Difference between revisions of "SoC2014 kevin AI"

Latest revision as of 03:43, 17 April 2014

This page is related to Summer of Code 2014

See the list of Summer of Code 2014 Ideas

This is a Summer of Code 2014 student page

Description

Kevin Xi - AI: Improve AI by implementing global attack/retreat decision

A rule-based expert system style solution utilizing dynamic programming to make decisions

Idea

General Idea

All decisions of AI have three global strategic goals to achieve: hit enemy as heavy as possible, take villages as much as possible, protect self as cautious as possible. These three goals ideally should be achieve in every single action but they may conflict with each other, so these goals need to be associated with priority.(p1: hit enemy, p2: grab villages, p3: protect self). The results of these three goals is a bunch of actions, for example, to achieve "hit enemy" goal, the "actions to deal with enemy"(this is a CA) will be executed, that may contains "find a good place to attack", "just stand there but not attack to prevent the enemy escape next turn", "recruit unit suit for battle", etc. And the actions to deal with village may contains "recruit scout-like unit", "let the resilient unit to guard the village", "let the unit with heal ability stand behind", "block enemy from near the village", etc. The actions to deal with protecting may contains "give up village if I have more than enemy", "stand behind the resilient unit", "retreat to the zero power-projection contour line", etc.

The priority is not constant, it is a function of the battlefield situation. For now I focus on time-space-economy(that is, time of day-terrain-gold and villages) because I think these are the three factors that influence all units in the battlefield and tightly associated with three goals. See the "Details of Priorities" part for details.

If in this turn, p1+p2-p3>0, the AI think it is worth to attack, otherwise it retreats.

Actually, I hope to implement CAs that form strategies by its own without hard-coding, only given the battlefield situation. The closest approach as far as I can see is to find patterns inside the rules, which is related to the three strategic goals.

The Attack/Retreat Positioning

When I consider the question on"where to retreat", I am thinking about a kind of "Damage contour map", that is, each location of battlefield is associated with the damage the unit may bear at this location, that can be calculate by power_projection(I hope it can combine with defense of certain unit type at this terrain), Then circle the roughly same value to get a contour map and let unit to stand by a contour line that they can bear the damage on that line. Hopefully if enemies form a line, the same value positions on contour map may also be a line, so AI can form a line in this way. But when some of them punch into the middle of the AI's line, let units retreat to one single side which is near to their leader(so they will not run in every direction, that will leave the path free to its leader), and see if it is good to abandon unit that be surrounded, according to the HP, EXP and gold. So it hopefully form a skirmish line without hard-coding the rules about forming line.

Details of Priorities

Attention: Following part contains some formulas, if they cannot be displayed correctly, please follow https://docs.google.com/document/d/1tHMdXp5-yh4eNymOVk3gQxvCJ26DZtaC9_1xC6cGwmo/edit?usp=sharing

My two goals of constructing priorities function are: a. Covering as much human players' experience rules as possible. b. Giving meaning to the values of priority, making them related to real game value and comparable under one criterion.
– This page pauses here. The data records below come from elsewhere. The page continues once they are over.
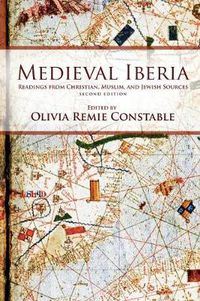 Cover image for Medieval Iberia: Readings from Christian, Muslim, and Jewish Sources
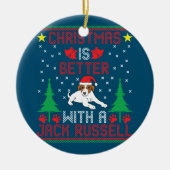 Kerstmis is beter met een Jack Russell Terrier UG Keramisch Ornament (Voorkant)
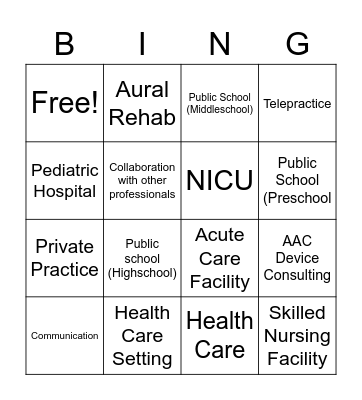 SLP - Practice Settings Bingo Card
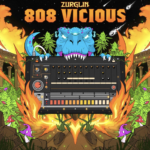 ZURGLIN – 808 VICIOUS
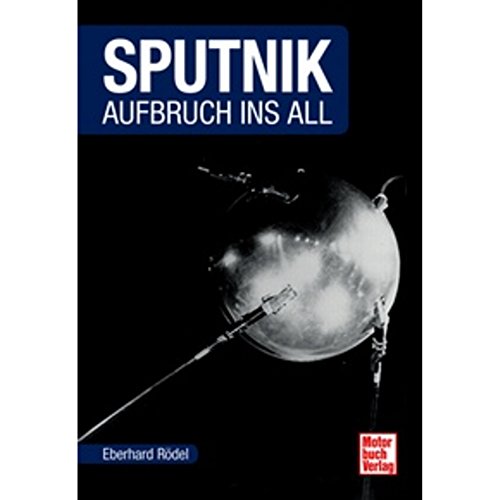 Sputnik: Aufbruch ins All (Raumfahrt-Bibliothek) von Motorbuch Verlag
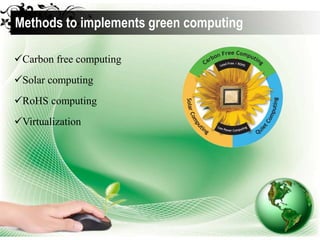 Carbon free computing
Solar computing
RoHS computing
Virtualization
Methods to implements green computing
 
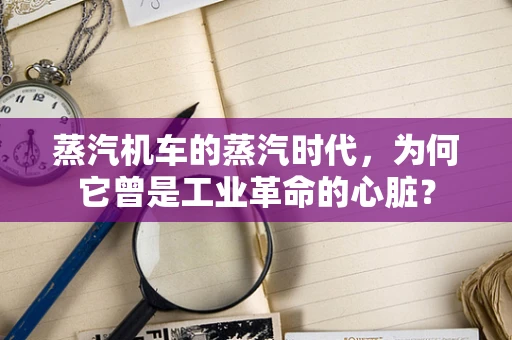蒸汽机车的蒸汽时代，为何它曾是工业革命的心脏？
The "one criterion" I choose is gold. Every decisions made in the game have something to do with gold. If you use your unit to attack enemy, you lose some HP and your enemy lose some HP, but what you actually do is to use some of your golds to consume enemy's golds, because you use golds to recruit/recall and maintain unit, whose HP can be converted into gold, the same as the enemy. When you retreat, you try to prevent enemy to take your golds more than his consume. If you let some of your units to take a village, you are actually grab the opportunity of getting golds in future turns from your enemy. And usually the goal of a scenario is to minimize your enemy's gold and maximize yours.
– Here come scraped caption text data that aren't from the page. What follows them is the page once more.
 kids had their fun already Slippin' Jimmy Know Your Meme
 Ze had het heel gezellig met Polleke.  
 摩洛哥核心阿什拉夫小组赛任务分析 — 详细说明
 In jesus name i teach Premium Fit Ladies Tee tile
So the priorities generally are "how much profit can a CA bring back". The higher priority, the more golds can a CA bring from enemy to you

Priority of village CA

The priority of village CA (p_v)should satisfy the following conditions:

At the beginning of a scenario, the priority should be higher than others.
The priority decreases as the number of own villages increases.
The priority should become lower than other CA when own half of villages, since if the map is balance, the enemy would take another half at same time.
The "half" mentioned above should be changed according to the time of day, this allow ghosts to give up one or two villages when it is sunny.
The priority gets lower as it gets closer to the end of the scenario, since only a few turn remained to let villages generate gold, the sum of golds villages generate is smaller.
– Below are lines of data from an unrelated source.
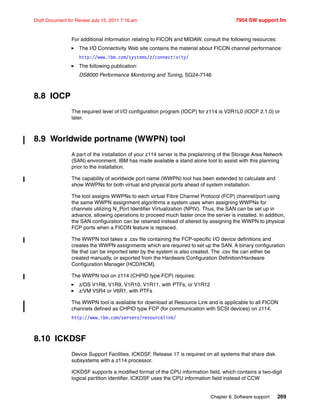 Chapter 8. Software support 269
Draft Document for Review July 15, 2011 7:16 am 7954 SW support.fm
For additional information relating to FICON and MIDAW, consult the following resources:
The I/O Connectivity Web site contains the material about FICON channel performance:
http://www.ibm.com/systems/z/connectivity/
The following publication:
DS8000 Performance Monitoring and Tuning, SG24-7146
8.8 IOCP
The required level of I/O configuration program (IOCP) for z114 is V2R1L0 (IOCP 2.1.0) or
later.
8.9 Worldwide portname (WWPN) tool
A part of the installation of your z114 server is the preplanning of the Storage Area Network
(SAN) environment. IBM has made available a stand alone tool to assist with this planning
prior to the installation.
The capability of worldwide port name (WWPN) tool has been extended to calculate and
show WWPNs for both virtual and physical ports ahead of system installation.
The tool assigns WWPNs to each virtual Fibre Channel Protocol (FCP) channel/port using
the same WWPN assignment algorithms a system uses when assigning WWPNs for
channels utilizing N_Port Identifier Virtualization (NPIV). Thus, the SAN can be set up in
advance, allowing operations to proceed much faster once the server is installed. In addition,
the SAN configuration can be retained instead of altered by assigning the WWPN to physical
FCP ports when a FICON feature is replaced.
The WWPN tool takes a .csv file containing the FCP-specific I/O device definitions and
creates the WWPN assignments which are required to set up the SAN. A binary configuration
file that can be imported later by the system is also created. The .csv file can either be
created manually, or exported from the Hardware Configuration Definition/Hardware
Configuration Manager (HCD/HCM).
The WWPN tool on z114 (CHPID type FCP) requires:
z/OS V1R8, V1R9, V1R10, V1R11, with PTFs, or V1R12
z/VM V5R4 or V6R1, with PTFs
The WWPN tool is available for download at Resource Link and is applicable to all FICON
channels defined as CHPID type FCP (for communication with SCSI devices) on z114.
http://www.ibm.com/servers/resourcelink/
8.10 ICKDSF
Device Support Facilities, ICKDSF, Release 17 is required on all systems that share disk
subsystems with a z114 processor.
ICKDSF supports a modified format of the CPU information field, which contains a two-digit
logical partition identifier. ICKDSF uses the CPU information field instead of CCW
 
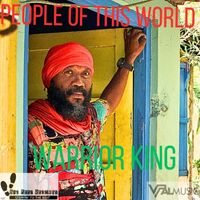 Warrior King - People Of This World
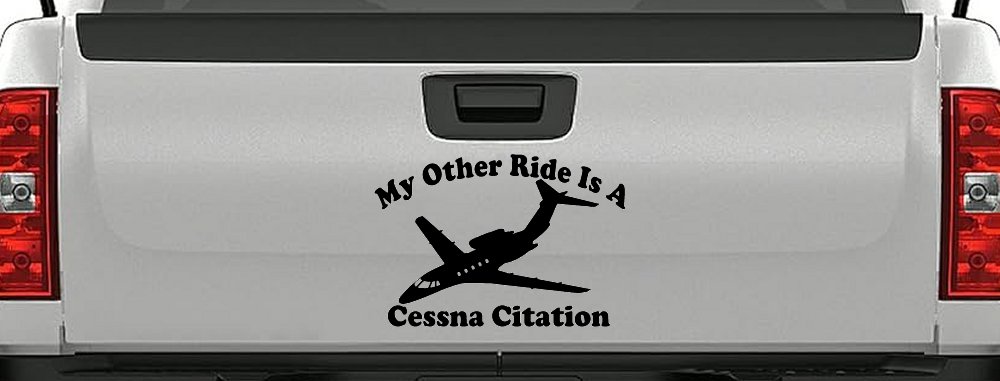 My Other Ride Is A Cessna Citation Military Car or Truck Window Decal Sticker (Black)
Here is the function of priority:

Explanation:

we get villages, enemy cannot get, so we get two times profit. v_c is the number of villages we can get in current turn, g_v is the gold one village can generate per turn, t_s is total number of turns, t_c is current turn, so t_s-t_cis how many turns remain(the total number of turn can not be sure, but it can estimate by the size of map---from my experience, its value is a half of the larger one between the wide and height of map, say, a 40*30 map takes 40/2=20 turns)

This front part of function show us golds our villages generate totally, it can satisfy bullet 1 and 5. To satisfy bullet 2 to 4, I apply sigmoid function to it. v_o is the number of current own villages, T is time of day modifier, v_s is the total number of villages, T+v_s/2 move the inflection point of sigmoid function to satisfy bullet 3 and 4, divide by 5(haven’t check this parameter) because I want to make the curve smoother.

If we fix the front part to 20, as the number of own villages increases, we get this(total village=20 and time of day modifier is -2):

So it seems to satisfy bullet 2 to 4.

Priority of Attack/Defence/Retreat CA

The calculating part base on current combat CA, we simulate an attack inside “sandbox” and convert our lose and enemy’s lose into golds.

The priority, or golds we get is:

g_e is enemy’s lose and g_o is our lose. If in some situation g_o is much greater than g_e, that means, if we attack in this turn, we lose more; if we just stand there, we lose more when next turn enemy attack us, so we retreat to “get” the golds we lose if we stand there.

Summary

Use gold as criterion make priority of CAs comparable and give priority real sense related to the game. We actually make three kinds of decision in every turn, use (gain_of_enemy, gain_of_us) to represent:

And the goal of a scenario is to minimize your enemy's gold and maximize yours, this remind me dynamic programming, maybe I can build something on this.

Elements of Dynamic Programming

Stage and Stage Variable

A stage contains two turns, it start from the current turn and end when the following enemy’s turn finish.

Use class stage_state to record information of stages. Use stage_no_ as stage variable.

State and State Variable

The state is the delta of “gold” between own and enemy.

The state variable is the difference of own_state_ and enemy_state_.

The state variable calculated in the constructor of class stage_state, given the current state.

Decision and Decision Variable

Use class decision to represent decision.

Method decision::calc_decision() take state as argument and calculate the new state of specified decision.

Policy and Optimal Policy

Optimal policy is the sequence of decisions that maximize the state of final stage.

Calculate by calc_optimal_policy().

Equation of State Transition

Add initial state and gain of each stage's decision.

The stage_state hold the result of this value.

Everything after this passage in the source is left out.